» **Supplied data**
- - -

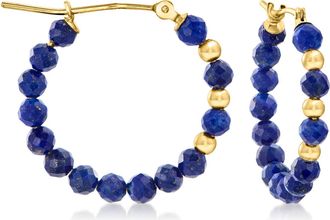 Ross-Simons 3-3.5mm Lapis Bead Hoop Earrings With 10kt Yellow Gold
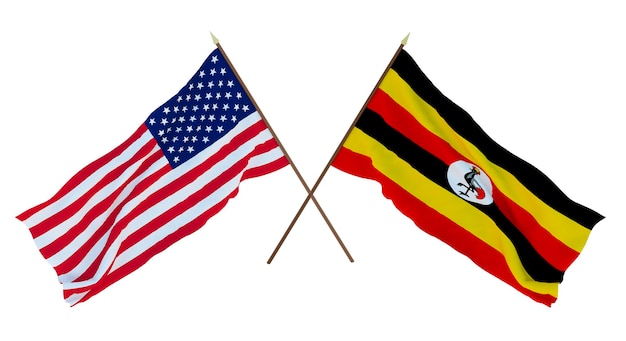 Background for designers illustrators National Independence Day Flags of United States of America USA and Uganda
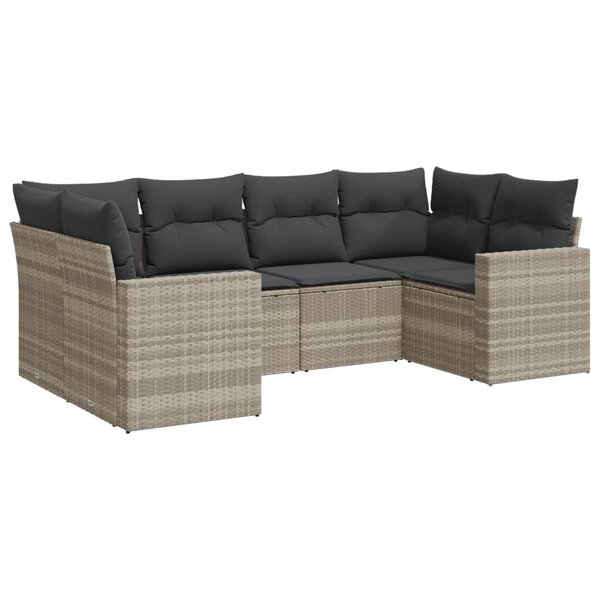 vidaXL Salon de jardin 6 Pièces avec coussins gris clair résine tressée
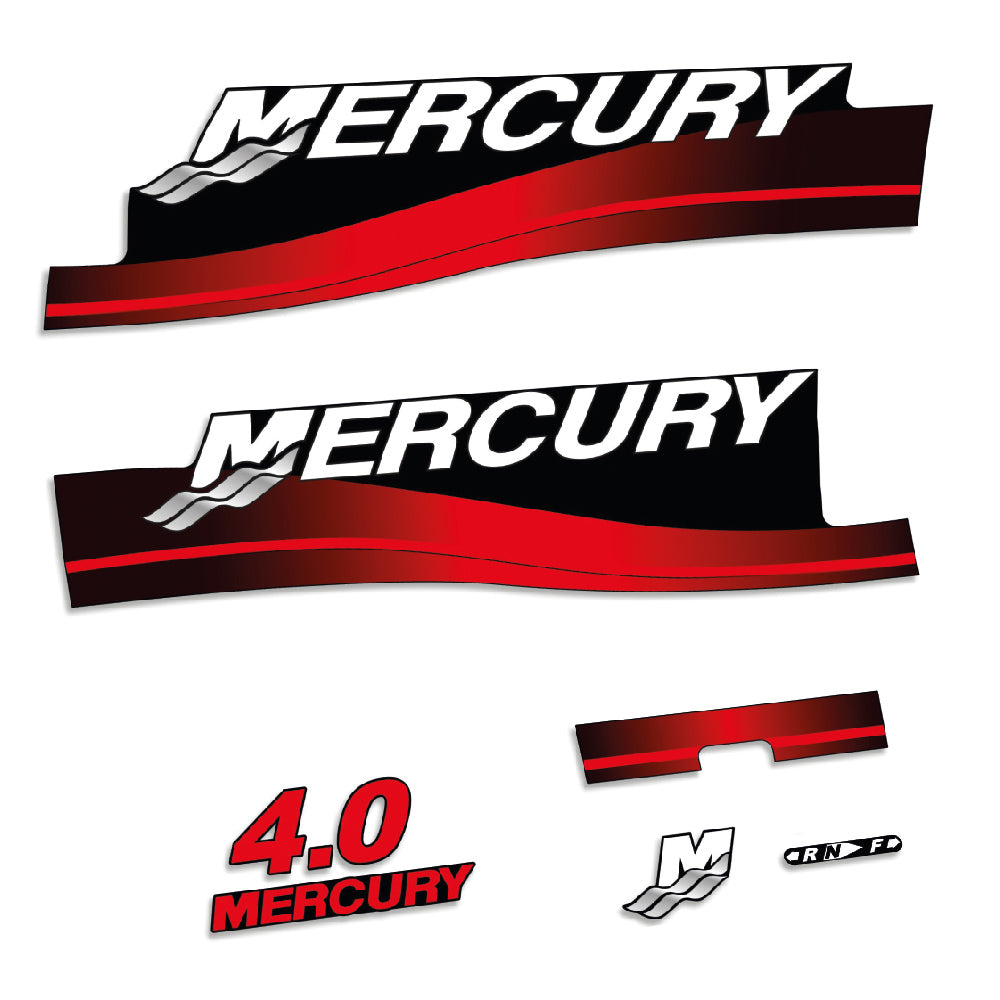 Adhesivos Mercury 4.0HP Dos tiempos 2000-2005 motor fueraborda pegatinas en vinilo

- - -

» **Task description**
Reproduce word for word the lines running from the line with "vidaXL Salon de" through the end of the data, both included, and nothing else; leave out the pictures.

» **Answer for the task**
 vidaXL Salon de jardin 6 Pièces avec coussins gris clair résine tressée
 Adhesivos Mercury 4.0HP Dos tiempos 2000-2005 motor fueraborda pegatinas en vinilo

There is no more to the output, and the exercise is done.